I see no computational requirement for a Scheme vector beyond a vector of locations, which is the current Scheme vector. Pedagogically I would introduce the vector as a close relative to the cell.

There may however be a reason for sharing vectors between procedures that should be unable to communicate via the locations within a vector. I address this issue in a not so orthogonal proposal to add sensory access to Scheme.

Ramifications

Alas deleting the conceptual step between an identifier and the value it stands for does not speed up the real system, unless the real system was indeed naïve. It does simplify by not requiring variables to have tentative memory locations allocated to them. A compiler knows sooner that the value of an identifier is constant thruout the lifetime of an environment.

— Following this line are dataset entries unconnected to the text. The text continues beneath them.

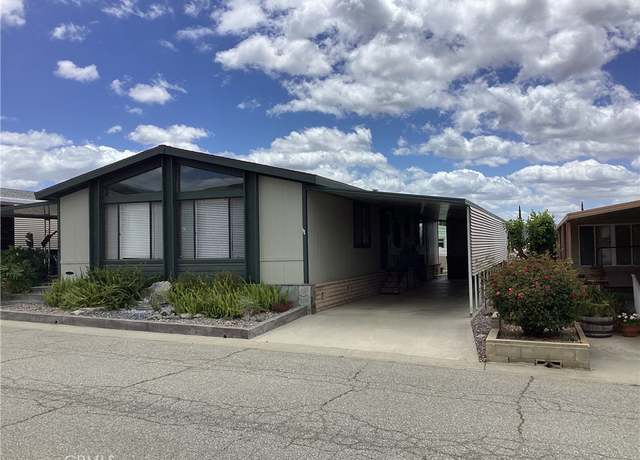 Property at 4133 W Wilson St #169, Banning, CA 92220, 2 beds, 2 baths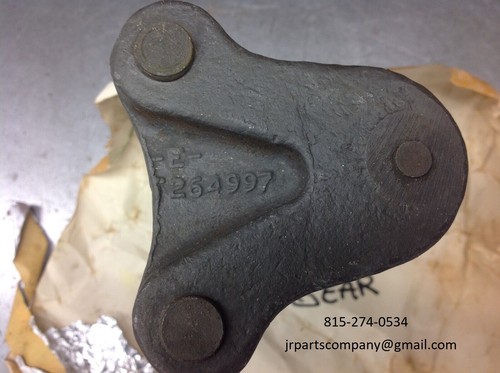 Half Track Shaft NOS - Picture 3 of 3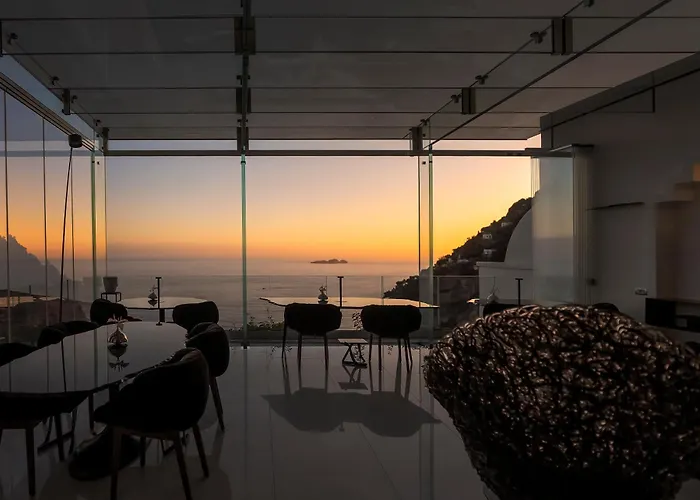 Hotel Franca Positano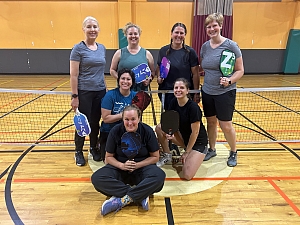 Winning Team Photo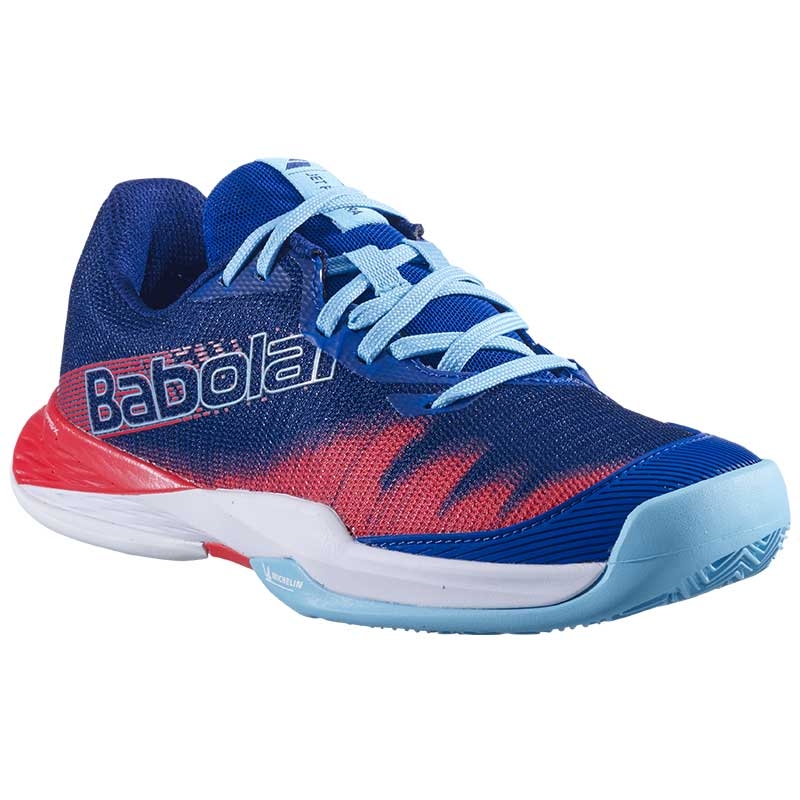 Zapatillas Babolat Jet Premura Jr Poppy - Ofertas Zapatillas Padel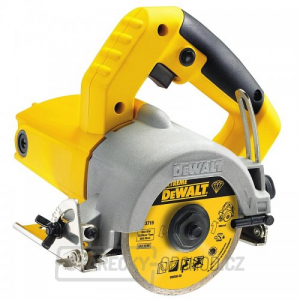 Ruční řezačka obkladů DeWALT DWC410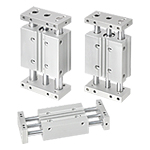 MCGD2-Twin-Guide Slide cylinder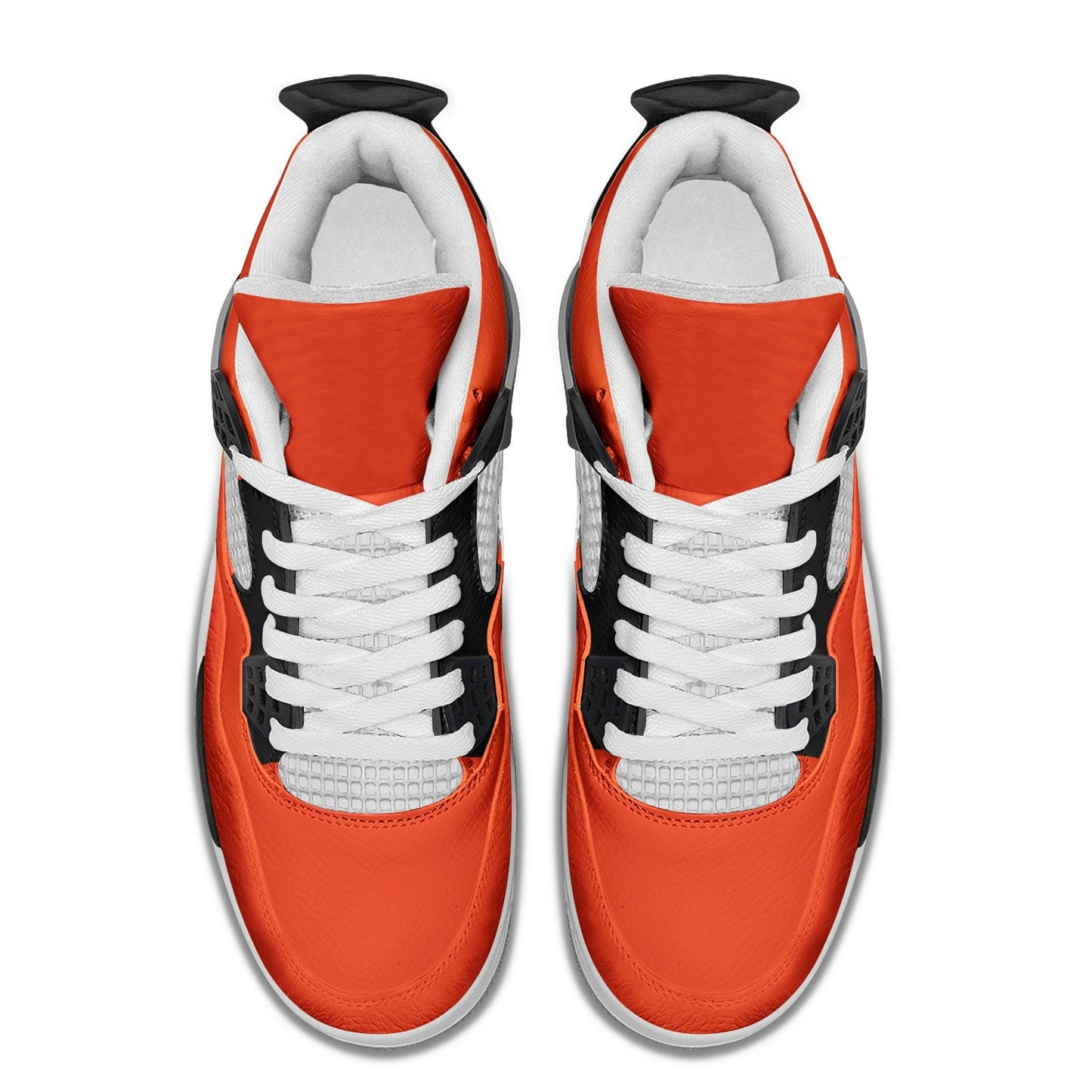 Unisex Non Slip Lace Up Breathable Fashion Sneakers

I presume that the top level environment would be immutable. Much grief stems from trying to provide the correct side effects for: (set! car cdr). Doing it correctly produces even more grief! If I understand correctly some (most?) Scheme implementations run slower due to the requirement to constantly monitor the meaning of car. I know no reason why it is good that the meaning of car can change half way thru evaluating some unrelated expression, except for remaining faithful the semantics of variables. Each separate yield of the Scheme Factory must have its own copy of locations holding all the Standard Procedures, lest instances gossip among themselves. The solution is to banish the variables, except in those few cases where they are needed.

Similar Work

Darius Bacon tells me of a variant of this idea was done at JPL by Ed Gamble.